• [YOUR OBJECTIVE]:
Would you give the listing again exactly as written, minus its pictures?

• [DATASET EXCERPT]:
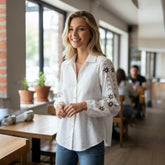 White shirt in patchwork with eyelets and puffy sleeves *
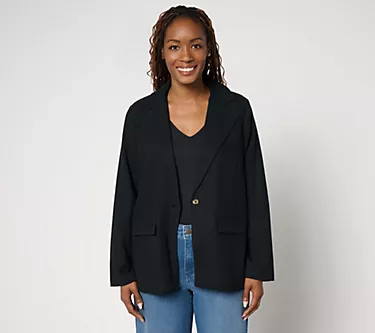 Me by Jennie Garth Mullholland Linen Blend Blazer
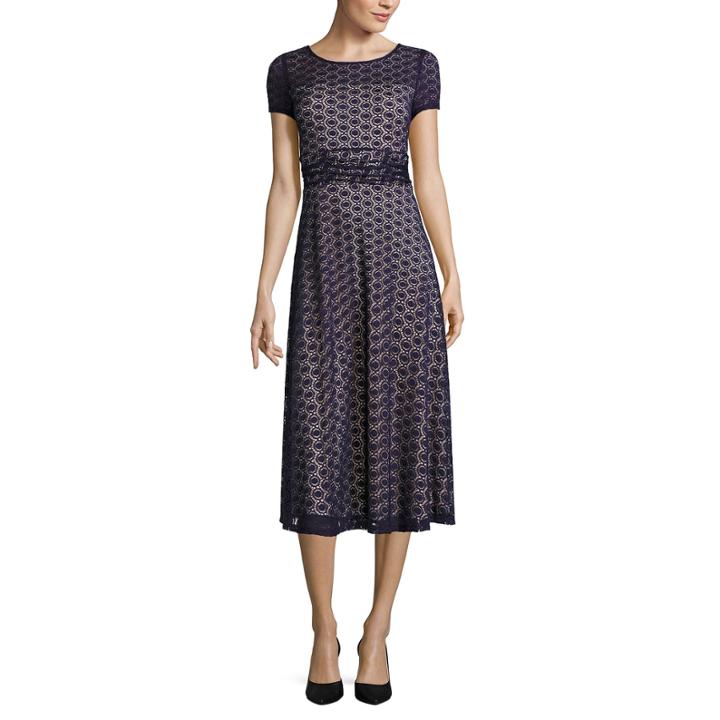 Perceptions Short Sleeve Fit & Flare Dress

• [TASK OUTPUT]:
 White shirt in patchwork with eyelets and puffy sleeves *
 Me by Jennie Garth Mullholland Linen Blend Blazer
 Perceptions Short Sleeve Fit & Flare Dress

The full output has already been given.